The research progress of fiber optic scattering enhancement methods is as follows.

1) Enhancing fiber scattering by increasing the scattering coefficient. It is commonly used to increase the scattering coefficient of optical fibers through irradiation, microstructure, and nanoparticle doping to enhance the Rayleigh backscattering light of the fibers.

The irradiation method is to increase the refractive index disturbance in the fiber by ultraviolet or radiation irradiation. It is simple to operate and has continuous scattering enhancement. However, it will increase the loss of the optical fiber and reduce the sensing distance. At the same time, the preparation speed of the optical fiber is slow, requiring the removal of the coating layer and resulting in a decrease in mechanical strength. Therefore, the scattering enhanced fiber prepared in this way is difficult to apply to engineering environments.

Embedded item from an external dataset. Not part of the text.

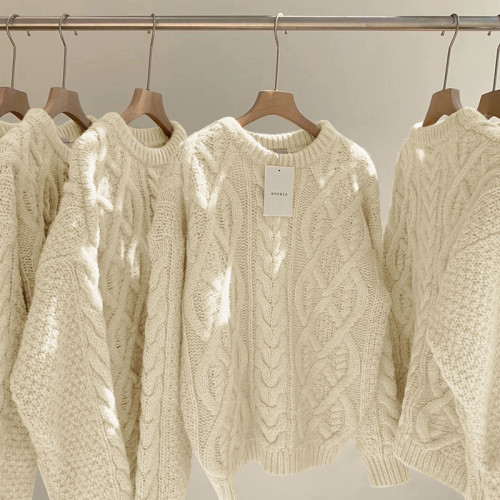 日系復古大碼米白色麻花毛衣女加厚外穿寬松慵懶風顯瘦毛針織上衣 日系復古大碼米白色麻花毛衣女加厚外穿寬松慵懶風顯瘦毛針織上衣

The microstructure method refers to the formation of weak gratings, reflection points, Fabry Perot cavities, and other junction microstructures in optical fibers through ways such as ultraviolet, femtosecond, and arc discharge, resulting in significant refractive index changes. This method is flexible and has higher controllability, and it can be continuously prepared in large quantities without removing the coating layer and changing the mechanical strength of the optical fiber. However, it still increases the loss of the optical fiber and reduces the sensing distance, and the distribution of microstructures in the optical fiber is discrete, forming a minimum sensing area between two adjacent points, which reduces the spatial resolution of the distributed sensing system. This method is suitable for applications in sensing scenarios that do not require high spatial resolution.

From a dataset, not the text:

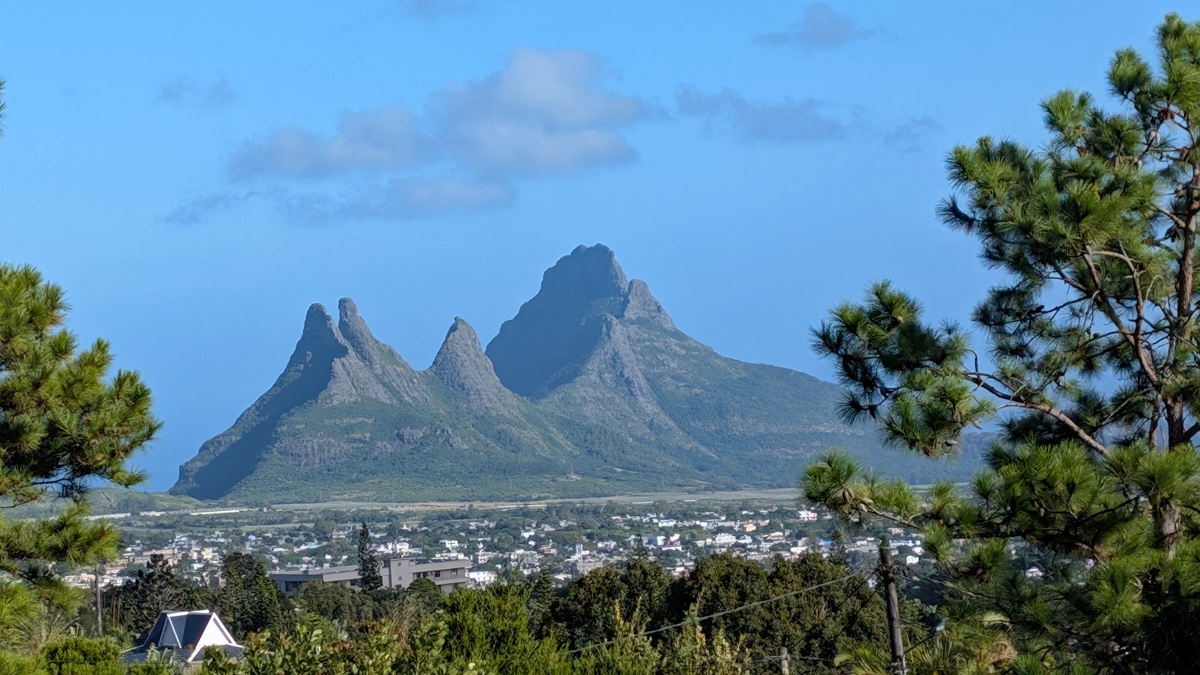 Mauritius: South-West Tour, Spiky Mountain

The doping method of nanoparticles increases scattering in fibers by doping elements such as germanium, calcium, barium, gold, and magnesium. It has continuity, and the scattering enhancement is more obvious. In addition, it can be directly prepared through fiber drawing, which ensures the mechanical properties of the fiber. However, the high scattering enhancement also brings about a significant increase in losses. The losses of nano-doped fibers are generally two or three orders of magnitude higher than those of irradiation and microstructure and are generally applied in sensing scenarios with short distances and high signal-to-noise ratios.

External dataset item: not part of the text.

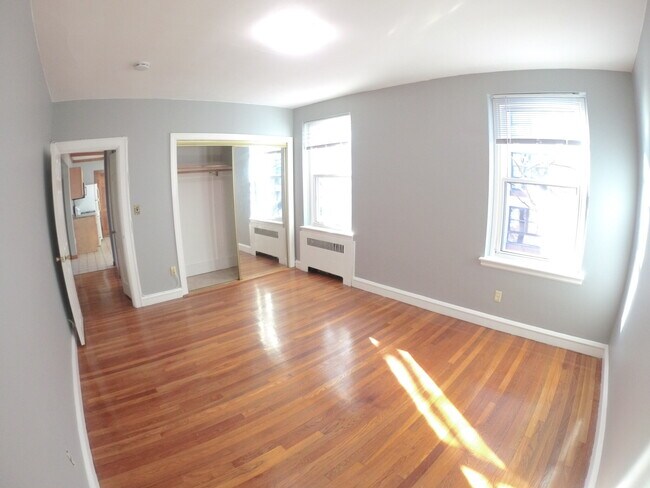 67 Park St unit 3, Brookline, MA 02446 - photo 5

2) Enhancing fiber scattering by increasing the backscattering collection coefficient. The method of increasing the backscatter collection coefficient to enhance fiber scattering theoretically does not increase the loss of the fiber, which mainly includes three types: plastic optical fiber, multimode optical fiber, and ultra long adiabatic tapered optical fiber.

Both polymer fiber and multimode fiber can increase the backward collection coefficient by increasing the numerical aperture, but the material absorption loss of polymer fiber itself is greater than that of quartz fiber. Therefore, it is generally applied in short-distance sensing scenarios. Multimode optical fibers have significant mode losses, and dispersion over long distances can degrade the spatial resolution of the system. It is commonly used in scenarios with lengths of kilometers.

Our team has proposed an ultra long tapered single-mode fiber that can increase the backward collection coefficient of the fiber to enhance scattering, without causing external losses. It can break through the distributed sensing long-distance limit of single-mode fiber and achieve sensing with an equal scattering signal-to-noise ratio at each point, and it can be applied to ultra long sensing scenarios with a length of above 150 km. Ultra long tapered single-mode fiber also has the advantage of enhancing the performance of fiber Bragg grating (FBG) arrays. Engraving FBG arrays on tapered optical fibers can effectively increase the remote reflection signal of FBG and expand the number of arrays, which has great development potential for future high-tech composite distributed sensors.